Gebrakan “Gila” Lion Air
Dengan 600 pesawat Boeing dan Airbus, Lion Air jadi 10 besar dunia
Lion Air tampaknya segera menjadi “singa” sesungguhnya di udara. Di Istana Elysee Paris, Prancis, Senin pekan lalu, Rusdi Kirana, bos maskapai udara berlogo singa itu tersenyum lebar. Dia berjalan gagah mengapit Presiden Prancis Francois Hollande, bersama Presiden dan CEO Airbus, Fabrice Bregier. Satu kontrak besar, dan juga memukau, baru saja diteken.

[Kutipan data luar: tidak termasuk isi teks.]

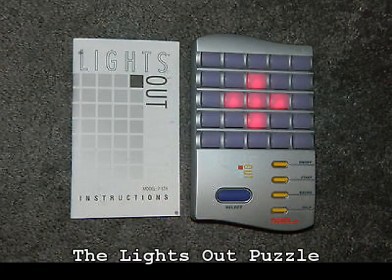This is the bit box. It's a puzzle that I had the idea for in 2007. It's based on a game that I enjoyed as a kid called Lights Out.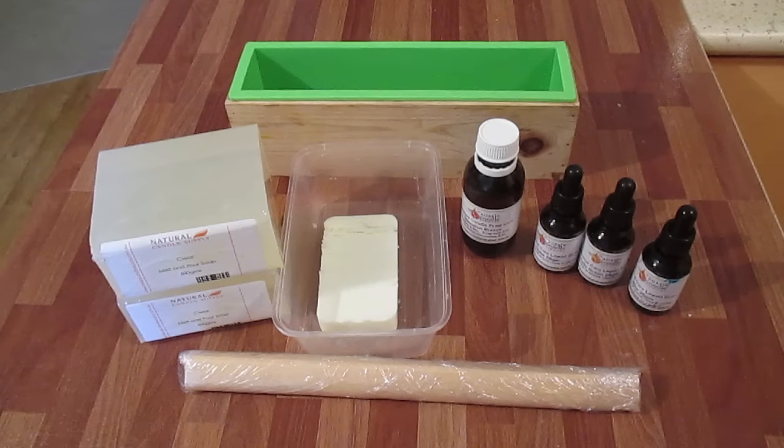Hi, this is Dean from Sentinel Candles. In today's project I'm going to be doing an ocean loaf. This consists of a light brown at the bottom of the loaf, then using clear base as it goes up, getting lighter from blue to dark blue.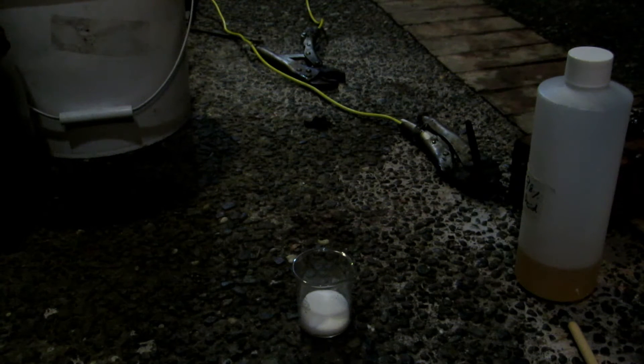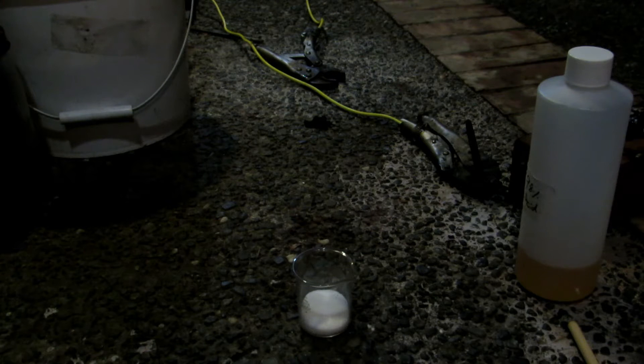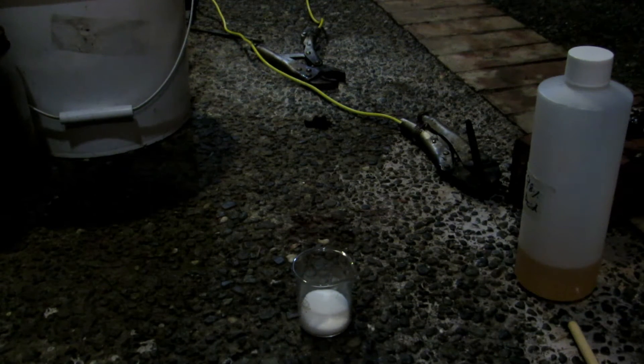Hey guys, welcome back to how to make elements from household materials. Today's element is going to be carbon. In a previous video we actually made carbon by extracting it from zinc carbon batteries. However, in this video we're going to be synthesizing it from sugar and concentrated sulfuric acid. This carbon won't be in rods, not really of any use, and is a lot more expensive to make. So it's just more of an interesting reaction that's pretty cool.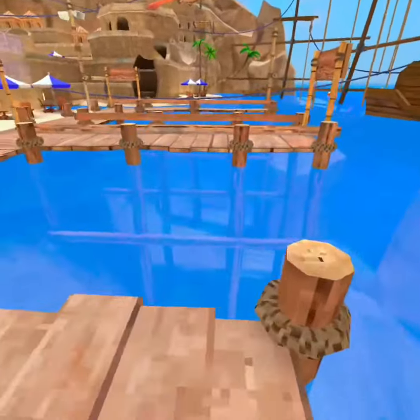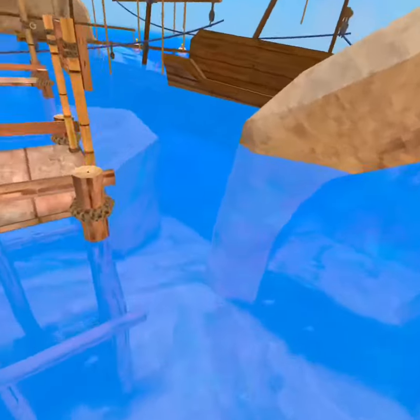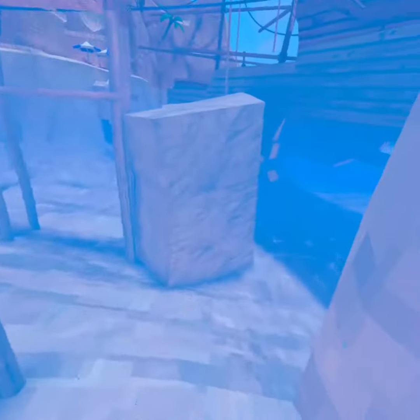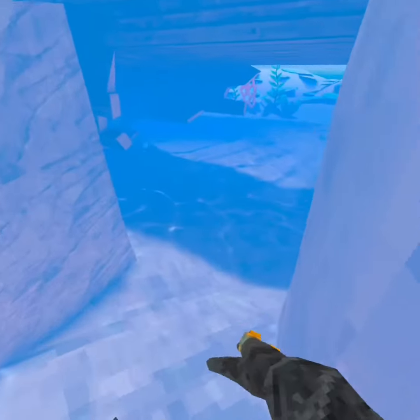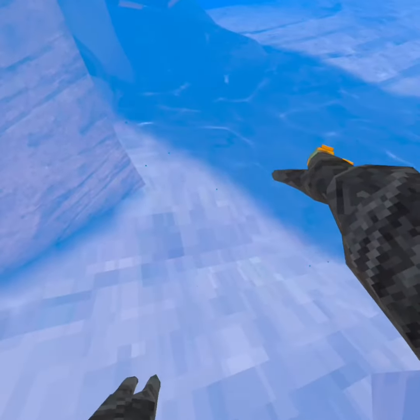Hi guys, so today I'm gonna be showing you how to swim. So first, what you're gonna do is get in the water, okay, and then you see your arms right, do like a this motion like this.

Lion memesan sekitar 234 pesawat pesawat Airbus jenis A320. Ada 109 pesawat A320neo, 65 pesawat A321neo, dan 60 pesawat A320ceo. Tak disebutkan berapa detil transaksi itu. Sumber yang mengetahui transaksi menyebutkan, satu unit pesawat diperkirakan senilai US$ 100 juta. Lion memesan 234 pesawat. Jadi, nilainya mencapai US$ 23,4 miliar, atau hampir Rp 225 triliun.
Presiden Prancis, Francois Hollande pun sumringah. Kontrak itu bak angin segar bagi Prancis, negeri Eropa yang sedang diterpa krisis ekonomi. Kesepakatan bisnis itu, kata Hollande, adalah kontrak bersejarah antara perusahaan Eropa dengan rekanan bisnis di Asia. Ini juga kontrak paling besar dalam sejarah pembuatan pesawat sipil Airbus.
Transaksi Lion Air ini akan memberi berkah Airbus sekitar 5.000 pekerjaan selama 10 tahun. "Ini adalah angka mengesankan bagi industri Eropa, dan juga membuktikan vitalitas industri Indonesia," ujar Hollande seperti dilansir laman Leparisien, Selasa 19 Maret 2013.
Tentu saja yang bersorak riang adalah para karyawan Airbus di Toulouse, Prancis. Mereka kembali bergairah. "Ini adalah berita sangat baik untuk Airbus, dan semua karyawan," kata Jean-Francois Knepper, salah satu karyawan Airbus.
Tapi meski kontrak itu super mahal, kata Rusdi Kirana, Lion Air Group tak perlu keluar uang sepeser pun untuk pembelian spektakuler A320 itu. Semuanya ditalangi oleh Export Credit Agency (ECA) dari Prancis, Jerman dan Inggris.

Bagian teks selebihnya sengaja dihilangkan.